Dataset excerpt
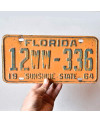Tablica rejestracyjna USA Florida 1964 Orange 12WW-336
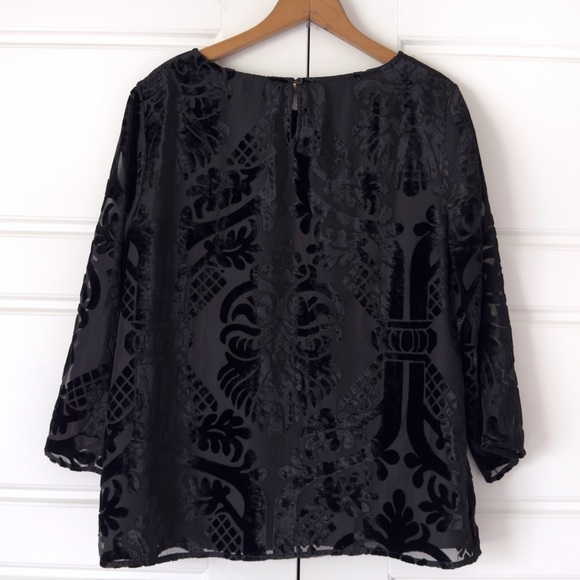 Talbots RSVP Burnout Velvet Blouse Large Black Sheer Dressy Lined Dark Romantic - Picture 5 of 11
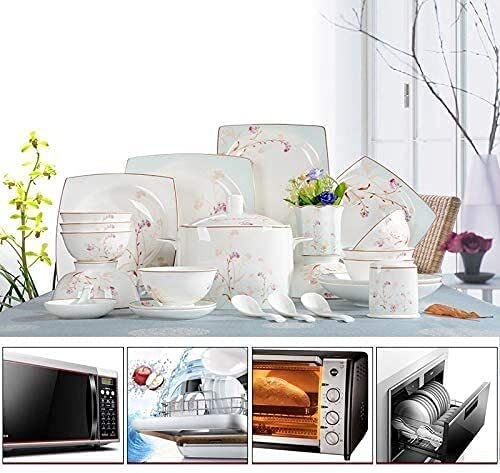 Dinnerware Set per la casa o ristorante speciale, 50Pcs Porcellana Dinnerware Set Premium W/Rims - immagine 4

Your assignment
Write out the material exactly, excluding pictures.

Exercise answer
Tablica rejestracyjna USA Florida 1964 Orange 12WW-336
 Talbots RSVP Burnout Velvet Blouse Large Black Sheer Dressy Lined Dark Romantic - Picture 5 of 11
 Dinnerware Set per la casa o ristorante speciale, 50Pcs Porcellana Dinnerware Set Premium W/Rims - immagine 4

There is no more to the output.